The Cameos That Earned Their Weight
Shantel VanSanten and Michael Dorman return as brief flashback apparitions, and the show earns every second. Karen appears in a domestic scene, holding a toddler-age Shane while Ed departs for his first spaceflight. Warm, ordinary, already years gone. The last image Ed carries into death is Gordo beside him, both men seeing Earth from orbit for the very first time.

These aren’t sentimental flourishes. For All Mankind is making a direct argument: of every person Ed has known across five seasons and five fictional decades, these two are the ones his mind goes back to. They were there before the show began. They defined what came after.

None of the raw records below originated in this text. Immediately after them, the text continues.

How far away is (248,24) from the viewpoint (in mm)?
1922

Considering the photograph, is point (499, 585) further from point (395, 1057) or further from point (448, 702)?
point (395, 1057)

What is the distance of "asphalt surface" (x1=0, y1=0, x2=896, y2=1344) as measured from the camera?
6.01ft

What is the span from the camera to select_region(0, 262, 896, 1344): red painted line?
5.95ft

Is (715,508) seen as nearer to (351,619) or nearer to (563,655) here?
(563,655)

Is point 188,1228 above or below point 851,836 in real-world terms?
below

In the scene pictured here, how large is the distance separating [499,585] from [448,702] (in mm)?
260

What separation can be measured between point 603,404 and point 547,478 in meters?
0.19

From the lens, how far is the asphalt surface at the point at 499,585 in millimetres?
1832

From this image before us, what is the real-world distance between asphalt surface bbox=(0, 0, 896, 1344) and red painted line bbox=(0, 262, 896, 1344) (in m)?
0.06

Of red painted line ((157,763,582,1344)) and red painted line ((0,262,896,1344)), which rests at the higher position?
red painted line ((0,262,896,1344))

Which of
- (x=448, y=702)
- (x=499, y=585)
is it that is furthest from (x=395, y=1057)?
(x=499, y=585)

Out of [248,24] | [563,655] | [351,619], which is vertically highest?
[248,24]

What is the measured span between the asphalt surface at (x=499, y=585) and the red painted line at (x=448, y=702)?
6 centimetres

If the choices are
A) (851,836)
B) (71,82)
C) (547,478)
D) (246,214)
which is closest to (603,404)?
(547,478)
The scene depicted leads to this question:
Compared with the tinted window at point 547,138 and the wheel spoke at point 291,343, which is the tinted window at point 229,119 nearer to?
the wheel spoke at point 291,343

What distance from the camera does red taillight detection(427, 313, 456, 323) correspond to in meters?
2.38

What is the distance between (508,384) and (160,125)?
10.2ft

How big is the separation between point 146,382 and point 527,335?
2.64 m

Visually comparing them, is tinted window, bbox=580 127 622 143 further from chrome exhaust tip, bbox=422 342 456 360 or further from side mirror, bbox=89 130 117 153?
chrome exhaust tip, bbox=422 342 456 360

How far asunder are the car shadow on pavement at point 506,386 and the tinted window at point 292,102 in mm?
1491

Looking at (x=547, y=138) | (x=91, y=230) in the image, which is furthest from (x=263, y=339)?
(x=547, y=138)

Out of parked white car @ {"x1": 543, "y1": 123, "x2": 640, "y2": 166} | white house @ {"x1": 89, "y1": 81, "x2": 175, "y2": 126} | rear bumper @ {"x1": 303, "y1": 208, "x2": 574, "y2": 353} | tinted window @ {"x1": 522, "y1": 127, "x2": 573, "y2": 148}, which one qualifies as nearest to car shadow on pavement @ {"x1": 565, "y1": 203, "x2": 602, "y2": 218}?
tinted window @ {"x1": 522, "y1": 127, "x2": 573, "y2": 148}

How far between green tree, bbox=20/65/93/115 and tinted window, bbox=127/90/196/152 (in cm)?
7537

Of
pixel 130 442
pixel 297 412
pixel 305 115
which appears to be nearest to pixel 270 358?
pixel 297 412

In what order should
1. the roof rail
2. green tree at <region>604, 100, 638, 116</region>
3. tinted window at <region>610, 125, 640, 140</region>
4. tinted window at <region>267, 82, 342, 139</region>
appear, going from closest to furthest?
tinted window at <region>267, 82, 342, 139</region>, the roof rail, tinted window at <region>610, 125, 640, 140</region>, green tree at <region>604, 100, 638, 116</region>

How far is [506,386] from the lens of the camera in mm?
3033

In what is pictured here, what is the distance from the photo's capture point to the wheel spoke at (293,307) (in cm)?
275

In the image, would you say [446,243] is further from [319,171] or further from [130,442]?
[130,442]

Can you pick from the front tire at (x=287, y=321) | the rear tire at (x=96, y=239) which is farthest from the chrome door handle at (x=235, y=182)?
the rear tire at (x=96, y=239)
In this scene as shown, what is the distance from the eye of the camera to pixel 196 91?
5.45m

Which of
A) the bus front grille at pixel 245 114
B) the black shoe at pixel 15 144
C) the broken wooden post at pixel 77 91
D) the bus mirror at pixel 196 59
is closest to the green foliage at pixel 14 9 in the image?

Two People Who Were Genuinely Hard to Watch
Gordo Stevens was not easy to root for, and the show never pretended otherwise. He cheated on Tracy with casual shamelessness, coasted on charm when accountability was due, and treated his marriage like an inconvenience he’d get around to eventually. Michael Dorman played the self-destruction with such specific gravity that you couldn’t stop watching, even when you wanted to.

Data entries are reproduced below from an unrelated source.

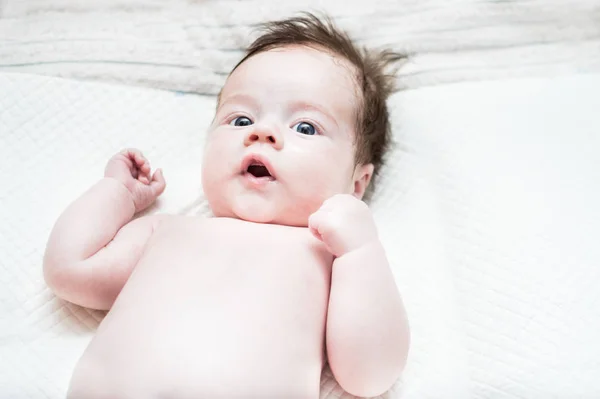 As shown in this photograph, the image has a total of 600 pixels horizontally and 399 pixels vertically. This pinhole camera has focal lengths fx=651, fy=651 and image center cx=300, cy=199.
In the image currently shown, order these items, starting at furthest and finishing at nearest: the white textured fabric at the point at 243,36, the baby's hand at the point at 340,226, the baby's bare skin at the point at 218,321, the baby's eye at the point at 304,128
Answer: the white textured fabric at the point at 243,36 → the baby's eye at the point at 304,128 → the baby's hand at the point at 340,226 → the baby's bare skin at the point at 218,321

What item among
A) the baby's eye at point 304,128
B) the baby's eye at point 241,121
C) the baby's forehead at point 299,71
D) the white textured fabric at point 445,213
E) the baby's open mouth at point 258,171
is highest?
the baby's forehead at point 299,71

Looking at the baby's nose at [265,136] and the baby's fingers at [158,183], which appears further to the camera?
the baby's fingers at [158,183]

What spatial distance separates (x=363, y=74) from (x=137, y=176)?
50 centimetres

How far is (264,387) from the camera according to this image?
3.07ft

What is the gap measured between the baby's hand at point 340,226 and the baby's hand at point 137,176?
390mm

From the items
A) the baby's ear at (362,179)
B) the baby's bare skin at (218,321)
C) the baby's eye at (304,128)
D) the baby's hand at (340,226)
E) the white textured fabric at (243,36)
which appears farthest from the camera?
the white textured fabric at (243,36)

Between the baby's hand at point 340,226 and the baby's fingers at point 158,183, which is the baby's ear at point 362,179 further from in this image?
the baby's fingers at point 158,183

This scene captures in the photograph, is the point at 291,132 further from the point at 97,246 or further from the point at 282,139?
the point at 97,246

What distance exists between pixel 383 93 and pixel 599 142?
47cm

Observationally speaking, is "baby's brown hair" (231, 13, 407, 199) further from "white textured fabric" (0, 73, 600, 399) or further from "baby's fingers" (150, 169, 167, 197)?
"baby's fingers" (150, 169, 167, 197)

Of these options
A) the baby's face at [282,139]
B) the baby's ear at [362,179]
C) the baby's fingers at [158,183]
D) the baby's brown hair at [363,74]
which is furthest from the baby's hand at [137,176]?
the baby's ear at [362,179]

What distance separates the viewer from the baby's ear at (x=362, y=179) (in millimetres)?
1271

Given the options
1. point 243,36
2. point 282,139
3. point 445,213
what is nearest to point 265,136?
point 282,139

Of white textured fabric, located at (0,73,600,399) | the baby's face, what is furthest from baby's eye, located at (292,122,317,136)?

Karen’s worst moment was arguably worse. The affair with Danny — Gordo’s own son, her dead child’s closest friend, a kid she’d helped raise — was the kind of choice that pulls the rug out from under everything. The show staged it unflinchingly. You understood exactly how she got there. That made it harder, not easier.

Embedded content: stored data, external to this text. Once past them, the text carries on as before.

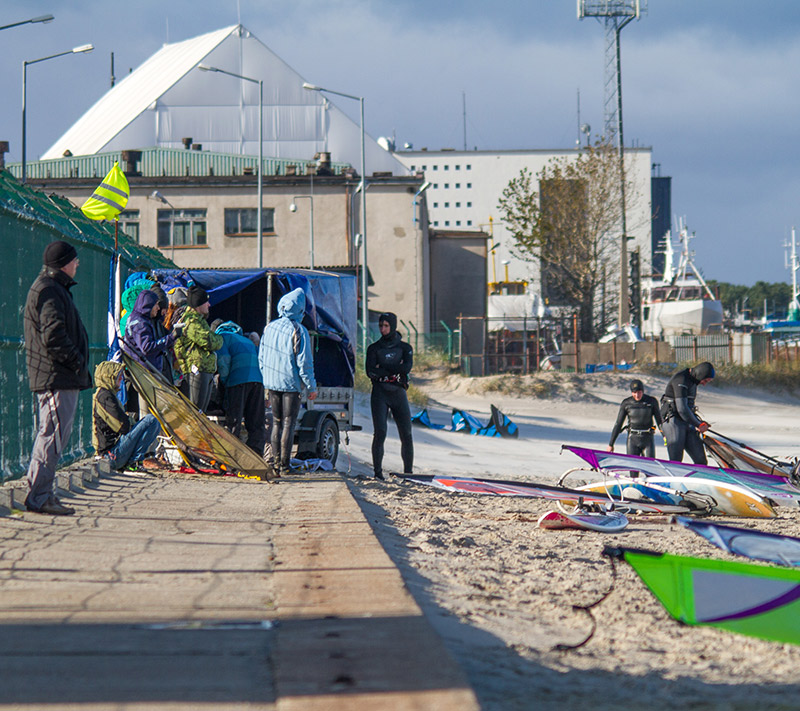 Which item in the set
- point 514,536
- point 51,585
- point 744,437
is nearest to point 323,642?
point 51,585

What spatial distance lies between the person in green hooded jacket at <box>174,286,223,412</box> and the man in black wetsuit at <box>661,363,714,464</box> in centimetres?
589

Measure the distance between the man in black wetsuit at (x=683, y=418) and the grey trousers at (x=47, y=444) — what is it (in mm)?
8247

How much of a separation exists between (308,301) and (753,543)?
7769mm

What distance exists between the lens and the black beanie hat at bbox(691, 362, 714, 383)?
1269cm

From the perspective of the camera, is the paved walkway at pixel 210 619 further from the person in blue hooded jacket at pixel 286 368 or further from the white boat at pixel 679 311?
the white boat at pixel 679 311

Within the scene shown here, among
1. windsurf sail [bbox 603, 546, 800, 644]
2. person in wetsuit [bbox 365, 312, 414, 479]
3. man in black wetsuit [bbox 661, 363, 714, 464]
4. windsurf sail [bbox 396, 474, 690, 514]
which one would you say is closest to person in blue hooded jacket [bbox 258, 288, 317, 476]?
person in wetsuit [bbox 365, 312, 414, 479]

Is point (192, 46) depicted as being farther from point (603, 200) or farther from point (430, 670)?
point (430, 670)

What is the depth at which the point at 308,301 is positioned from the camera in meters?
12.9

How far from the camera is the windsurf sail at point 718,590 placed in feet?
15.2

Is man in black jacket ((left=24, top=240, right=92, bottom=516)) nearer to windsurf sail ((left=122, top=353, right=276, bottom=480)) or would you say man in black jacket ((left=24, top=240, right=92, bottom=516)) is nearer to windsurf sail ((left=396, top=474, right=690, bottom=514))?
windsurf sail ((left=122, top=353, right=276, bottom=480))

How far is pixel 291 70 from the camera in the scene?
55.4 meters

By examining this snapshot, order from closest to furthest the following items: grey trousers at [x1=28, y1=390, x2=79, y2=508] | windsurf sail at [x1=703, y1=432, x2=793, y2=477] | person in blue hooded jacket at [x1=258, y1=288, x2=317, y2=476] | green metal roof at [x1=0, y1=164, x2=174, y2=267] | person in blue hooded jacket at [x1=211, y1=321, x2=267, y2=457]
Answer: grey trousers at [x1=28, y1=390, x2=79, y2=508] → green metal roof at [x1=0, y1=164, x2=174, y2=267] → person in blue hooded jacket at [x1=258, y1=288, x2=317, y2=476] → person in blue hooded jacket at [x1=211, y1=321, x2=267, y2=457] → windsurf sail at [x1=703, y1=432, x2=793, y2=477]

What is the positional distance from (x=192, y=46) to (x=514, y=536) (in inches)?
2278

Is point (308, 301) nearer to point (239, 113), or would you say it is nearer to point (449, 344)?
point (449, 344)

Deaths That Still Sting Seasons Later
Gordo and Tracy died on the lunar surface at the end of Season 2, radiation spreading through their suits while they tried to avert something larger. Brutal, specific, unglamorous. Karen died in the Season 3 finale beside Molly Cobb when a bomb tore through the Johnson Space Center — sudden, public, wasteful in the way real tragedy tends to be.

Both deaths hit the way they did because both characters had earned complicated redemption. Gordo went out a hero after years as something considerably less. Karen never quite got her peace. The show didn’t cushion that. You felt the incompleteness like a door swinging shut mid-sentence.
Without Karen and Gordo, Ed’s story would’ve been a closed loop — the same orbit, the same wreckage, repeated across decades with no one to pull him out of it.
The Architecture Everyone Else Was Built Around
What the deathbed scene confirms is something the earliest seasons demonstrated quietly: the political drama, the space race, the alternate-history machinery — those are backdrop. The real catastrophe was always domestic. A marriage disintegrating in a Houston suburb. Friendships crushed under the weight placed on them. Gordo and Tracy’s lunar sacrifice hits harder in retrospect precisely because of what came before it, the years of ordinary human failure the show refused to skip past.
Karen and Gordo carried that emotional load better than anyone else the show has introduced. VanSanten and Dorman found the duality in each character — the magnetic and the monstrous living inside the same person — and played both ends without flinching. Their ghosts, apparently, still do the same work. New episodes of For All Mankind premiere every Friday on Apple TV, with a sixth and final season already in development.